El Lanzón al que se refiere es una especie de enorme menhir que se yergue en lo más profundo de esos corredores. Tiene casi cinco metros de altura; representa una criatura antropomorfa cuya cabeza es tres veces más grande que el cuerpo, con cabellos de serpiente, colmillos afilados y garras. Según los arqueólogos, quizá sea lo más antiguo del lugar. Tiene treinta y cinco siglos. «Y habla», aseguró Marino. «¿Habla?», indagué. Marino, risueño, me explicó entonces que las últimas excavaciones que se habían hecho habían desenterrado un canal enorme con el que los chavín desviaron el río Mosna. Una compuerta lo dejaba pasar a voluntad por el centro de la plaza ceremonial. «Y cuando liberaban el agua, el tremor que emergía de la tierra era como el rugido de un terrible jaguar. Todos creían que era cosa del Lanzón».
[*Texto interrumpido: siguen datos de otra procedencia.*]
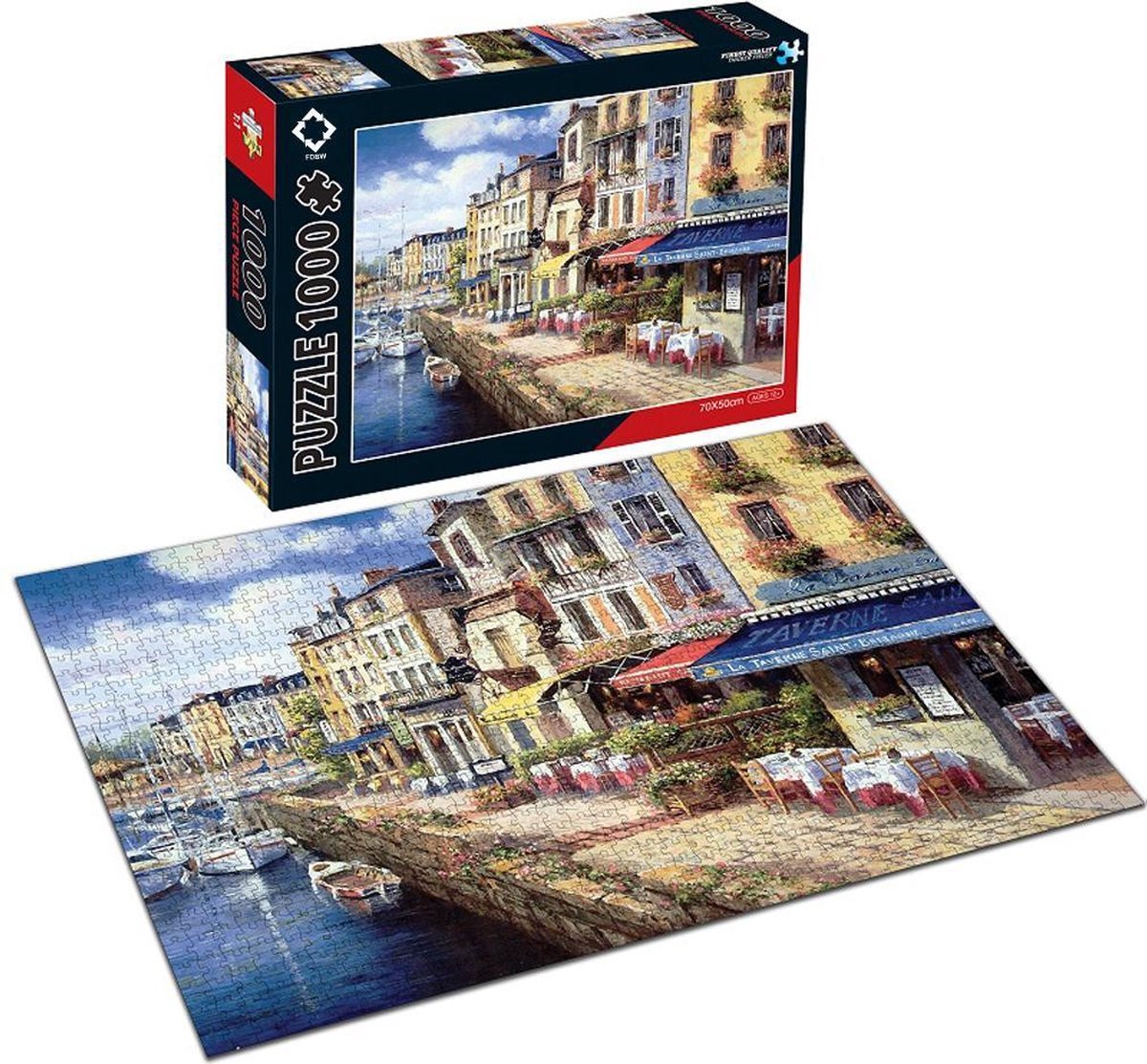 Puzzel 1000 – Havenstad |Kunst puzzel voor volwassene | Kunst Puzzel Collectie | Puzzel Kunstwerken -  Havenstad | Puzzel - 1000 stukjes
Parece que estoy escuchándolo. Nadie había grabado nunca ese rugido hasta hace dos semanas, cuando se desplomó el cerro sobre Chavín. Las tierras altas del Perú rugen. Marino lo sabía. Ahora yo también lo sé. Los antiguos chavín lo domesticaron para impresionar a sus fieles. Y nosotros, gentes del siglo XXI, que despreciamos con altivez esa mirada panteísta del pasado, solo somos capaces de percibirlo cuando ya es demasiado tarde.

Si lo evoco aquí es solo para recordarnos que Perú no está tan lejos como parece. Y que esos jaguares subterráneos nunca andan demasiado apartados de nadie. Tampoco de nosotros.

Javier Sierra es Premio Planeta de novela. Su ensayo “En busca de la Edad de Oro” se ocupa de civilizaciones desaparecidas como las andinas.